Knowledge and understanding

Students will be encouraged to engage with the historiographical debates surrounding both the Kennedy and Johnson administrations, and to understand how these relate to key intellectual concerns in studying U.S. foreign policy and American history more widely. Utilising an extensive range of primary documents students will establish their own assessment of the period, as well as considering how recent developments in the way diplomatic history is studied – such as a new focus on gender, religion, race, and ideology – affect how the topic is understood.

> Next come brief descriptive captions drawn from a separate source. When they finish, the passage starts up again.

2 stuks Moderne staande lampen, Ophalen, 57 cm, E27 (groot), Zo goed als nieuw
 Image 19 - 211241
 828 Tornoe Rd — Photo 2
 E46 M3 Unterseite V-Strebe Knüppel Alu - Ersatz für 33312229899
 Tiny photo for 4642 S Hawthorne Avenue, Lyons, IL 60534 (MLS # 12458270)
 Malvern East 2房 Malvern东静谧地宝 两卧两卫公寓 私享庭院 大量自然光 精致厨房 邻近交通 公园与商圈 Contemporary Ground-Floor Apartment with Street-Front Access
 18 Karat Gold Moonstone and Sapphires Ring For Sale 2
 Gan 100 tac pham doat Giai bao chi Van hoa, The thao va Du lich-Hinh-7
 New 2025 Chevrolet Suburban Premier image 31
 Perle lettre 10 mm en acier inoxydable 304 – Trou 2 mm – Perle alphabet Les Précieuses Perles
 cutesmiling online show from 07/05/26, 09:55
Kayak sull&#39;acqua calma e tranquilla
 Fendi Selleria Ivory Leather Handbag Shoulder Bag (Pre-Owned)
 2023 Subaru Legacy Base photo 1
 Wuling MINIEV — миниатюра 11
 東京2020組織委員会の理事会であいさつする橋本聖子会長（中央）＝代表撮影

Through a range of seminar activities and assessments students will develop both knowledge of the material and key historical skills.

 

Intellectual skills

By the end of this course students will be able to:

  • Engage with historiographical debates at an advanced level
  • Quickly assess and interpret a range of primary and archival materials
  • Relate primary material to historiographical debates to build sophisticated arguments
  • Present and defend differing intellectual positions during fluid debates

Practical skills

By the end of this course students will be able to:

  • Produce sophisticated literature reviews
  • Produce essays that incorporate original research
  • Prepare for and participate in wide-ranging  discussions and debates
  • Utilise a variety of online databases for primary source research
  • Analyse and interpret a range of primary materials

 

Transferable skills and personal qualities

By the end of this course students will be able to:

  • Carry out independent research projects
  • Interpret a range of different sources
  • Communicate sophisticated arguments through improved written and oral communication skills
  • Work efficiently as part of a group through teamwork skills developed via discussion and seminar activities

Employability skills

Analytical skills
The course provides a wide range of history based skills appealing to future employers including: - The ability to formulate and answer cogent and focussed questions - The analytical ability to consider complex problems to which there is no single solution - Identifying, gathering, sorting, organising and deploying evidence, data and information. - Analysing texts and other primary sources both critically and empathetically - Marshalling of argument in written and oral forms
Other
In providing insight into American politics, presidential leadership, and foreign affairs, it would also be of particular use to students with an interest in careers in politics, journalism, civil service, or similar fields.

Assessment methods

Presentation and review of essay plans 0%
Article/Literature review 30%
Essay 70%

 

Feedback methods

Feedback method

Formative or Summative

Oral feedback on group discussions, presentations, and essay workshops

Formative

Written feedback on coursework submissions via turnitin

 

Summative

Additional one-to-one feedback (during office hour or by making an appointment)

Formative

 

Recommended reading

H.W. Brands, The Wages of Globalism: Lyndon Johnson and the Limits of American Power (1995)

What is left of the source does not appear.